*Task statement*
Each entry below is to be returned exactly, with any pictures left out.

*Records for the task*

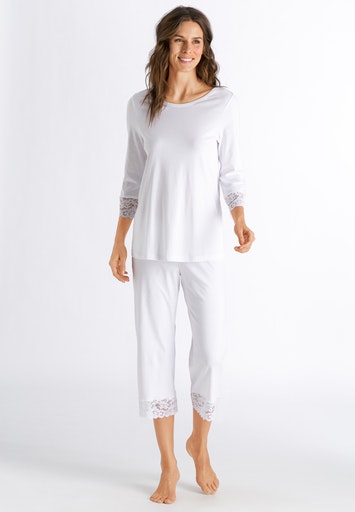 HANRO_Basic_070101_077928_3Oc2Tv1wZ6iJA6 3/4 Pyjama Moments von HANRO in Weiss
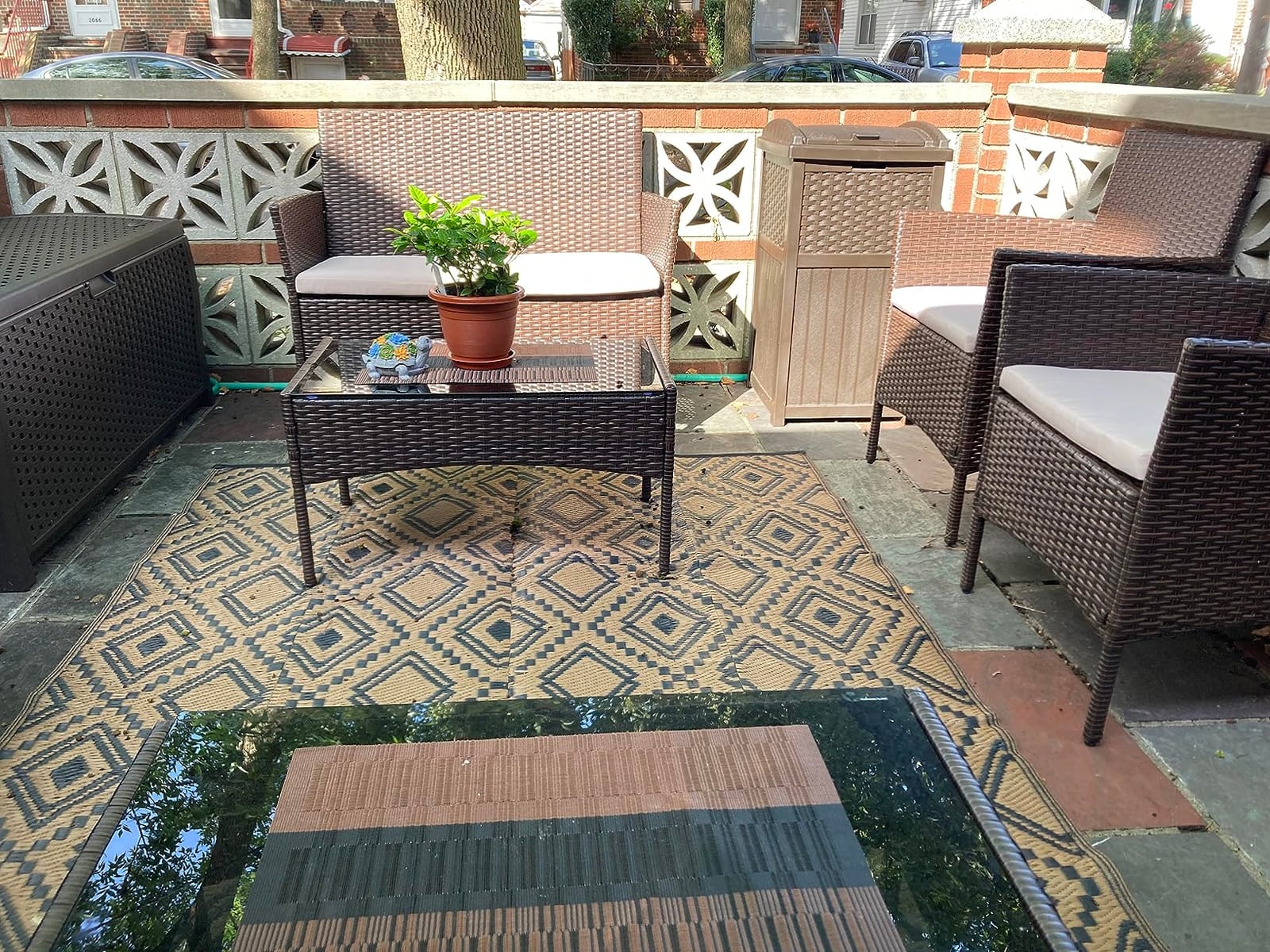 Greesum Patio Furniture 4 Pieces Conversation Sets,Brown and Beige customer photo 2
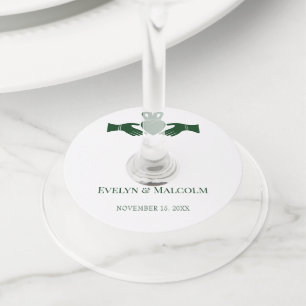 アイリッシュクラダグリングや輪シンプルグラフィックグリーン結婚ズ ワイングラスタグ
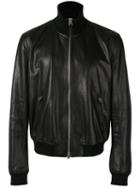 Tom Ford Leather Bomber Jacket, Men's, Size: 54, Black, Lamb Skin/rayon/cotton
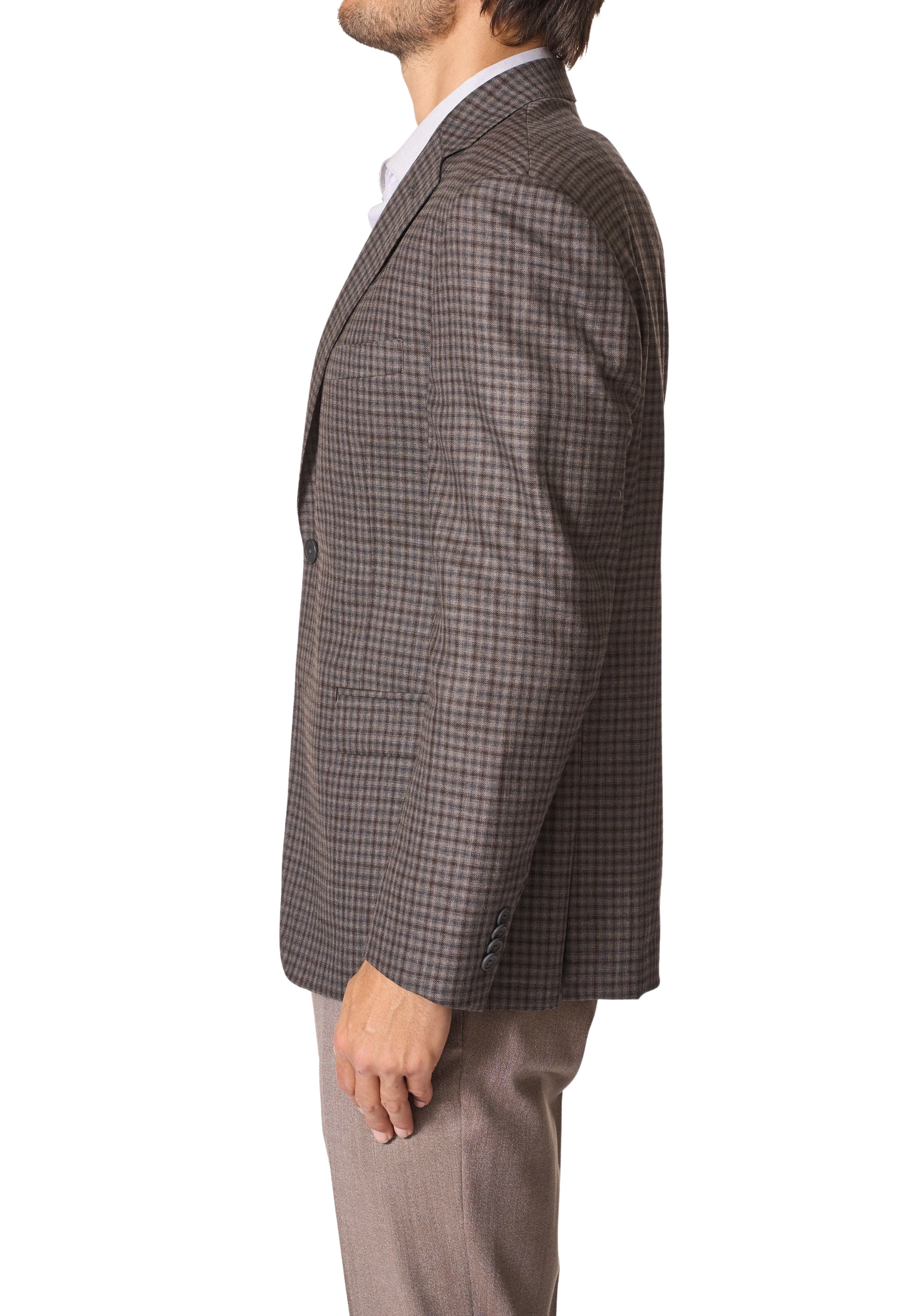 JB Britches Check Sport Coat - Dark Taupe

*Output*
 HANRO_Basic_070101_077928_3Oc2Tv1wZ6iJA6 3/4 Pyjama Moments von HANRO in Weiss
 Greesum Patio Furniture 4 Pieces Conversation Sets,Brown and Beige customer photo 2
 アイリッシュクラダグリングや輪シンプルグラフィックグリーン結婚ズ ワイングラスタグ
 Tom Ford Leather Bomber Jacket, Men's, Size: 54, Black, Lamb Skin/rayon/cotton
 JB Britches Check Sport Coat - Dark Taupe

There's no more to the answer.